This is smashing programming: Beethoven’s last piano concerto and final piano sonata performed by two Decca war horses. Beethoven dedicated the concerto (as well as the Op. 111 Sonata) to Archduke Rudolf; the imperial epithet was coined by his English publisher (not the first or last time a publisher ‘re-interpreted’ a composer’s intentions!).
In the context of a work in E Flat, the curious key relationship of the nocturnal second movement in B emphasises the movement’s reflective and subdued character. Brazilian pianist Nelson Freire first performed it in 1957 at the age of 12. Now 70, Freire changes gear effortlessly between rhythmic vitality and deliquescent lyricism in the prolonged opening movement. The Leipzig Gewandhaus occasionally seems more brawny in interpretation of this audacious music than Freire.

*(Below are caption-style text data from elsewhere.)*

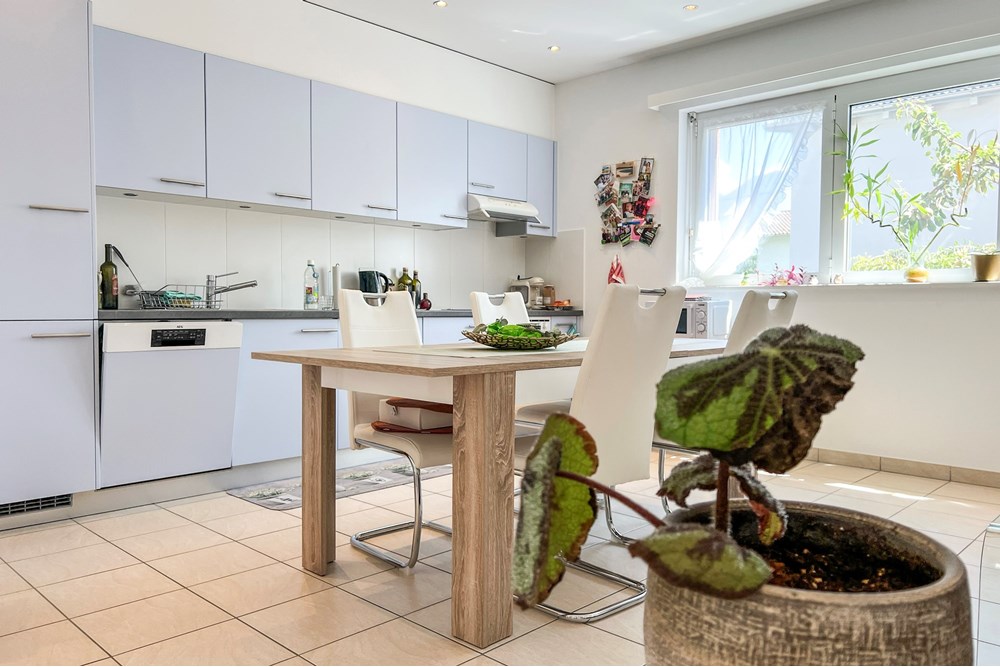 Mehrfamilienhaus - Kauf - Losone, Tessin - IMG_4078_.jpeg - 118461080-50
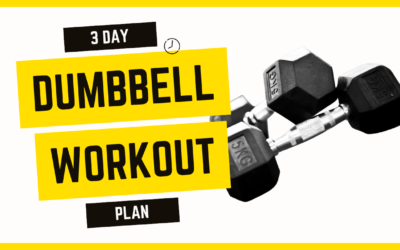 3 Day Dumbbell Workout Plan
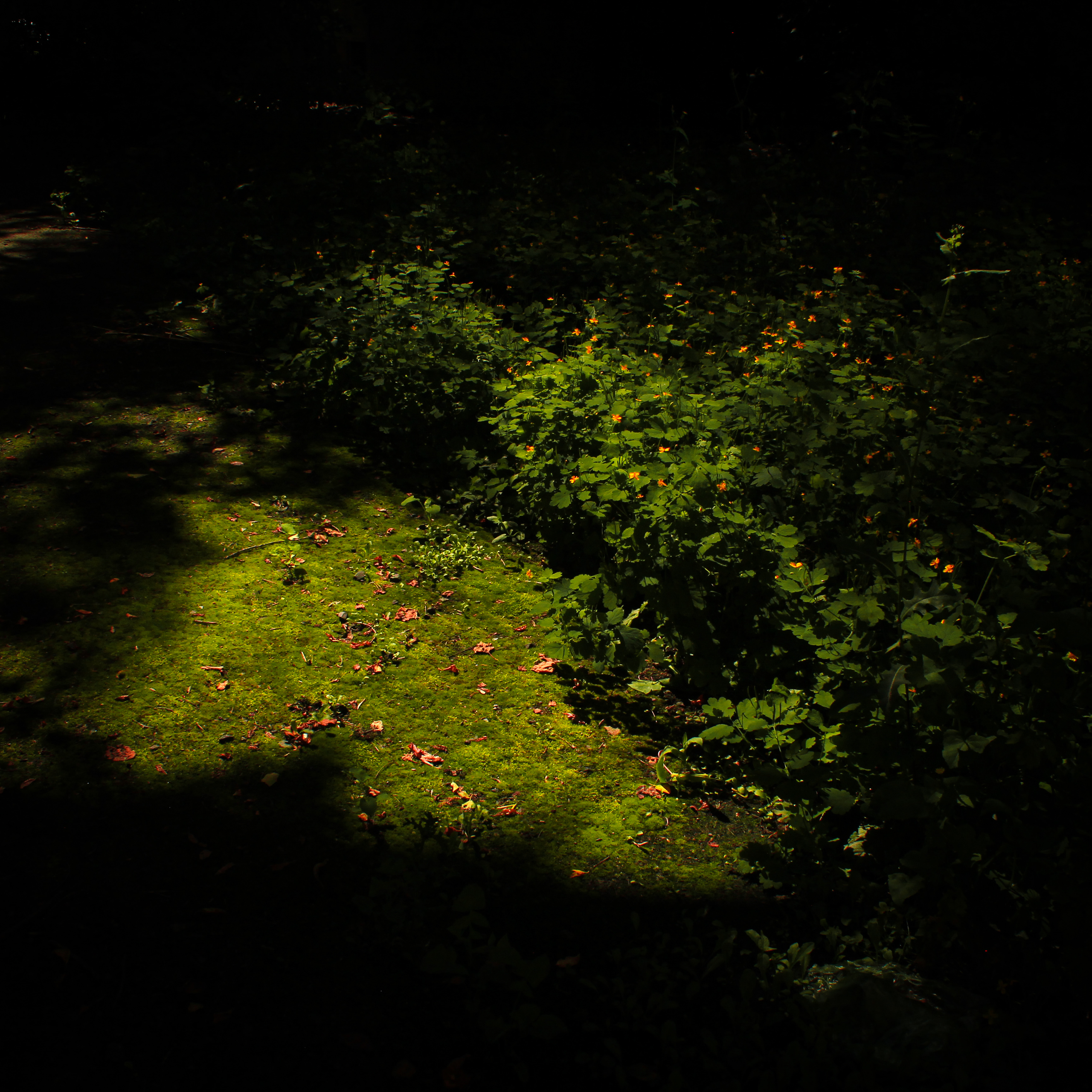 Summertime. Фотограф/дизайнер в Екатеринбурге Хитрый Дмитрий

The Piano Sonata No 32 arrived about ten years after the Emperor Concerto and falls into Beethoven’s late period. Not uniquely it is in two movements: a sonata-allegro followed by a set of variations including the famous proto-boogie-woogie third variation. The rhetorical vigour of the first movement comes off with genius. The herculean second movement is elegant, Freire poetic in tone and line. If really great playing by artists at the top of their game is your thing, then please do wrap your ears in this sonic bliss.